[Stored records]
%%

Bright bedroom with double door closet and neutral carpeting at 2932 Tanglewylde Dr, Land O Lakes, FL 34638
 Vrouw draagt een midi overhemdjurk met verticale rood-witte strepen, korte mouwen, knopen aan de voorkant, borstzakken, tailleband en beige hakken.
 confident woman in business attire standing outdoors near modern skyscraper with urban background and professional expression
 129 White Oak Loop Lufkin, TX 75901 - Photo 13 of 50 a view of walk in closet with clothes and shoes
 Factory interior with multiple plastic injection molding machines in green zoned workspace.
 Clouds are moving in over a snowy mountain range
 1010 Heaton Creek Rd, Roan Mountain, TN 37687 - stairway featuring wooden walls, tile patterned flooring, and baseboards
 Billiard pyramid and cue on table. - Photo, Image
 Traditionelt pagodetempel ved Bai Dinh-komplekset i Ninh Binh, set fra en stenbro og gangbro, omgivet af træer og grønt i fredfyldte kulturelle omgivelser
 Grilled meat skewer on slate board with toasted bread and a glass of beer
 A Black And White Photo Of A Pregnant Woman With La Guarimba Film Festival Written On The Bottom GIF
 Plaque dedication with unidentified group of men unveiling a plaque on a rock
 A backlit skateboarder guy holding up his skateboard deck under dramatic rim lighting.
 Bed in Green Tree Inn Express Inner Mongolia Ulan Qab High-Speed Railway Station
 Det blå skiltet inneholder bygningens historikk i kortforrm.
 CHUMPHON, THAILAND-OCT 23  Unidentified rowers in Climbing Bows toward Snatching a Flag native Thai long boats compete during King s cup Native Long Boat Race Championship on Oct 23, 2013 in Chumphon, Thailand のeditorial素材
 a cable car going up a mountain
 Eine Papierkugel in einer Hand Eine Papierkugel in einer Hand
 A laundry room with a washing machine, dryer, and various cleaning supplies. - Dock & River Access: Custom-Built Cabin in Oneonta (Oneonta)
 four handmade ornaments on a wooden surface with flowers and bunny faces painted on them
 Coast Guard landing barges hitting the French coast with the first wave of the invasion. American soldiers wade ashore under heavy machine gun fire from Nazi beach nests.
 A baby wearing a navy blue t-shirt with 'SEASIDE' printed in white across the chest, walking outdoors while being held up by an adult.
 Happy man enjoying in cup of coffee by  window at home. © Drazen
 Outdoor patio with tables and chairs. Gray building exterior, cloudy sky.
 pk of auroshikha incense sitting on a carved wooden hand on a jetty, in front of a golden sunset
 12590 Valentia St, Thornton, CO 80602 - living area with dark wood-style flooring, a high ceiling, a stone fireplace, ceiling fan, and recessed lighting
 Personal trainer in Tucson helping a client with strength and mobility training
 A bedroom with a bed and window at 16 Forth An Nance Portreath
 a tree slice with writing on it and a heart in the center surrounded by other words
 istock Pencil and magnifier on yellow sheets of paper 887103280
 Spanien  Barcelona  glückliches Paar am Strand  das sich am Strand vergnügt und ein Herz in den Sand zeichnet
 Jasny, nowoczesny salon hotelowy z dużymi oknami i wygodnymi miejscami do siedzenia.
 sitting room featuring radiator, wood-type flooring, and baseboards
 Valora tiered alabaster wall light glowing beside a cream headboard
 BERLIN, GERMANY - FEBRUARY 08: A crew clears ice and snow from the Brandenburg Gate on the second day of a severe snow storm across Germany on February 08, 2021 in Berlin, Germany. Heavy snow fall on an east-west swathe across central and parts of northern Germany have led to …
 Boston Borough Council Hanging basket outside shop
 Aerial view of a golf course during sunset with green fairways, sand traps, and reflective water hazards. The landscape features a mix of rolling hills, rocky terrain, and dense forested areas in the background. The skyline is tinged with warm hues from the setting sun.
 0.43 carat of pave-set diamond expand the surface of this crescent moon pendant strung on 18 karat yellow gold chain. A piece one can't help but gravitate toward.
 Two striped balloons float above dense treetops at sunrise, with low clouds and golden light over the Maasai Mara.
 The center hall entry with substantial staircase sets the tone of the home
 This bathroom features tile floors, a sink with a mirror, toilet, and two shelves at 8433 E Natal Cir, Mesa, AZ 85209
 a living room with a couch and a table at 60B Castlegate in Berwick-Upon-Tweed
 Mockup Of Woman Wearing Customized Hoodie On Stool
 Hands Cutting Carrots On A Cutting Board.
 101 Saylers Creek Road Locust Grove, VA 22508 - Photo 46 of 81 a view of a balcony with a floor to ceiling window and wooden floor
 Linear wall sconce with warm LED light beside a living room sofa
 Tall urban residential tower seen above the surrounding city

%%

Exercise: Your job is to copy all the records exactly.

Written response:
Bright bedroom with double door closet and neutral carpeting at 2932 Tanglewylde Dr, Land O Lakes, FL 34638
 Vrouw draagt een midi overhemdjurk met verticale rood-witte strepen, korte mouwen, knopen aan de voorkant, borstzakken, tailleband en beige hakken.
 confident woman in business attire standing outdoors near modern skyscraper with urban background and professional expression
 129 White Oak Loop Lufkin, TX 75901 - Photo 13 of 50 a view of walk in closet with clothes and shoes
 Factory interior with multiple plastic injection molding machines in green zoned workspace.
 Clouds are moving in over a snowy mountain range
 1010 Heaton Creek Rd, Roan Mountain, TN 37687 - stairway featuring wooden walls, tile patterned flooring, and baseboards
 Billiard pyramid and cue on table. - Photo, Image
 Traditionelt pagodetempel ved Bai Dinh-komplekset i Ninh Binh, set fra en stenbro og gangbro, omgivet af træer og grønt i fredfyldte kulturelle omgivelser
 Grilled meat skewer on slate board with toasted bread and a glass of beer
 A Black And White Photo Of A Pregnant Woman With La Guarimba Film Festival Written On The Bottom GIF
 Plaque dedication with unidentified group of men unveiling a plaque on a rock
 A backlit skateboarder guy holding up his skateboard deck under dramatic rim lighting.
 Bed in Green Tree Inn Express Inner Mongolia Ulan Qab High-Speed Railway Station
 Det blå skiltet inneholder bygningens historikk i kortforrm.
 CHUMPHON, THAILAND-OCT 23  Unidentified rowers in Climbing Bows toward Snatching a Flag native Thai long boats compete during King s cup Native Long Boat Race Championship on Oct 23, 2013 in Chumphon, Thailand のeditorial素材
 a cable car going up a mountain
 Eine Papierkugel in einer Hand Eine Papierkugel in einer Hand
 A laundry room with a washing machine, dryer, and various cleaning supplies. - Dock & River Access: Custom-Built Cabin in Oneonta (Oneonta)
 four handmade ornaments on a wooden surface with flowers and bunny faces painted on them
 Coast Guard landing barges hitting the French coast with the first wave of the invasion. American soldiers wade ashore under heavy machine gun fire from Nazi beach nests.
 A baby wearing a navy blue t-shirt with 'SEASIDE' printed in white across the chest, walking outdoors while being held up by an adult.
 Happy man enjoying in cup of coffee by  window at home. © Drazen
 Outdoor patio with tables and chairs. Gray building exterior, cloudy sky.
 pk of auroshikha incense sitting on a carved wooden hand on a jetty, in front of a golden sunset
 12590 Valentia St, Thornton, CO 80602 - living area with dark wood-style flooring, a high ceiling, a stone fireplace, ceiling fan, and recessed lighting
 Personal trainer in Tucson helping a client with strength and mobility training
 A bedroom with a bed and window at 16 Forth An Nance Portreath
 a tree slice with writing on it and a heart in the center surrounded by other words
 istock Pencil and magnifier on yellow sheets of paper 887103280
 Spanien  Barcelona  glückliches Paar am Strand  das sich am Strand vergnügt und ein Herz in den Sand zeichnet
 Jasny, nowoczesny salon hotelowy z dużymi oknami i wygodnymi miejscami do siedzenia.
 sitting room featuring radiator, wood-type flooring, and baseboards
 Valora tiered alabaster wall light glowing beside a cream headboard
 BERLIN, GERMANY - FEBRUARY 08: A crew clears ice and snow from the Brandenburg Gate on the second day of a severe snow storm across Germany on February 08, 2021 in Berlin, Germany. Heavy snow fall on an east-west swathe across central and parts of northern Germany have led to …
 Boston Borough Council Hanging basket outside shop
 Aerial view of a golf course during sunset with green fairways, sand traps, and reflective water hazards. The landscape features a mix of rolling hills, rocky terrain, and dense forested areas in the background. The skyline is tinged with warm hues from the setting sun.
 0.43 carat of pave-set diamond expand the surface of this crescent moon pendant strung on 18 karat yellow gold chain. A piece one can't help but gravitate toward.
 Two striped balloons float above dense treetops at sunrise, with low clouds and golden light over the Maasai Mara.
 The center hall entry with substantial staircase sets the tone of the home
 This bathroom features tile floors, a sink with a mirror, toilet, and two shelves at 8433 E Natal Cir, Mesa, AZ 85209
 a living room with a couch and a table at 60B Castlegate in Berwick-Upon-Tweed
 Mockup Of Woman Wearing Customized Hoodie On Stool
 Hands Cutting Carrots On A Cutting Board.
 101 Saylers Creek Road Locust Grove, VA 22508 - Photo 46 of 81 a view of a balcony with a floor to ceiling window and wooden floor
 Linear wall sconce with warm LED light beside a living room sofa
 Tall urban residential tower seen above the surrounding city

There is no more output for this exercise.